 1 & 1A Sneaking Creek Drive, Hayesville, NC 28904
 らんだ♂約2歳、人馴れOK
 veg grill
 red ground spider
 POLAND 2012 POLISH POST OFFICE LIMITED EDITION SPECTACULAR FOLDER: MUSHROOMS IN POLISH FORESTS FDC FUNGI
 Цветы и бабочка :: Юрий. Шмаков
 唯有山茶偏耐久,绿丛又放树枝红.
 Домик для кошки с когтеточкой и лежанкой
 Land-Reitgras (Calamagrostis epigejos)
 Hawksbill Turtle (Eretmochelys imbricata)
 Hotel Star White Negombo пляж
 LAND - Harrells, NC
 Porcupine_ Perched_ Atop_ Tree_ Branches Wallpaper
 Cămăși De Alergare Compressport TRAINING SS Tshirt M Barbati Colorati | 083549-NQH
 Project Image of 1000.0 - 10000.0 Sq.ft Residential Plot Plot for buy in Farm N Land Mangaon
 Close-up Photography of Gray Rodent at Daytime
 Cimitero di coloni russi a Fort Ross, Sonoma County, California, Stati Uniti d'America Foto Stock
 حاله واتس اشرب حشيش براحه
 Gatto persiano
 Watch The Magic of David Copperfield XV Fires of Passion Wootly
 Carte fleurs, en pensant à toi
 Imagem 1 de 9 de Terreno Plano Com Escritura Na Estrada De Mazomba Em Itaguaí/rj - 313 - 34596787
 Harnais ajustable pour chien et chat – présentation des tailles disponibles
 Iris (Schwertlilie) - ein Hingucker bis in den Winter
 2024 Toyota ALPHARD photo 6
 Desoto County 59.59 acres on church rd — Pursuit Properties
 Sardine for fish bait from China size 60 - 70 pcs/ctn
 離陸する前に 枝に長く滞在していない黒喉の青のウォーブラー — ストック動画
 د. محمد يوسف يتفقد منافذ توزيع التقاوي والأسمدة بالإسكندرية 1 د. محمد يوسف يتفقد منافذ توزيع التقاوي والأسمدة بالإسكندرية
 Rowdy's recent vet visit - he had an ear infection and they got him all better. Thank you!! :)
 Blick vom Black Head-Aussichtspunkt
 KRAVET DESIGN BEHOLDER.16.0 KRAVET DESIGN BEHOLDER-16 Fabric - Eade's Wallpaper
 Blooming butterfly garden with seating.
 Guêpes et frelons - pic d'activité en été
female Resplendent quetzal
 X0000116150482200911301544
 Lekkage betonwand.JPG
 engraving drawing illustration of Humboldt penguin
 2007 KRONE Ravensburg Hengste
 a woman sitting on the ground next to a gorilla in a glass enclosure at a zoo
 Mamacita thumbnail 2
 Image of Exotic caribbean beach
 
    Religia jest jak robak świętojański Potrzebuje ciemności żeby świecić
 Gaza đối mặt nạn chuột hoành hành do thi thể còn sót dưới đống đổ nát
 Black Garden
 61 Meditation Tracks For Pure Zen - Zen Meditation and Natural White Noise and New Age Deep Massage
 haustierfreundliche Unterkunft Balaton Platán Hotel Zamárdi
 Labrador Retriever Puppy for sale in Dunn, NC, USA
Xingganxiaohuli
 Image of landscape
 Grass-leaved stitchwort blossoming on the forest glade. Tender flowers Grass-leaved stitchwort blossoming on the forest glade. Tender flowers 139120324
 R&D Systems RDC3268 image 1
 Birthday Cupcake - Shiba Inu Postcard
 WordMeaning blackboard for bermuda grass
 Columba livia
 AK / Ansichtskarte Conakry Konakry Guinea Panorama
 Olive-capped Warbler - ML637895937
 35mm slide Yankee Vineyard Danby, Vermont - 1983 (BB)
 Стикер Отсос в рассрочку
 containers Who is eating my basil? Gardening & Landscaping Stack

THE PROBLEM
In the answer, return exactly the lines from the line containing "Image of Exotic caribbean beach" to the end of the records above, and no others.

WRITTEN ANSWER
 Image of Exotic caribbean beach
 
    Religia jest jak robak świętojański Potrzebuje ciemności żeby świecić
 Gaza đối mặt nạn chuột hoành hành do thi thể còn sót dưới đống đổ nát
 Black Garden
 61 Meditation Tracks For Pure Zen - Zen Meditation and Natural White Noise and New Age Deep Massage
 haustierfreundliche Unterkunft Balaton Platán Hotel Zamárdi
 Labrador Retriever Puppy for sale in Dunn, NC, USA
Xingganxiaohuli
 Image of landscape
 Grass-leaved stitchwort blossoming on the forest glade. Tender flowers Grass-leaved stitchwort blossoming on the forest glade. Tender flowers 139120324
 R&D Systems RDC3268 image 1
 Birthday Cupcake - Shiba Inu Postcard
 WordMeaning blackboard for bermuda grass
 Columba livia
 AK / Ansichtskarte Conakry Konakry Guinea Panorama
 Olive-capped Warbler - ML637895937
 35mm slide Yankee Vineyard Danby, Vermont - 1983 (BB)
 Стикер Отсос в рассрочку
 containers Who is eating my basil? Gardening & Landscaping Stack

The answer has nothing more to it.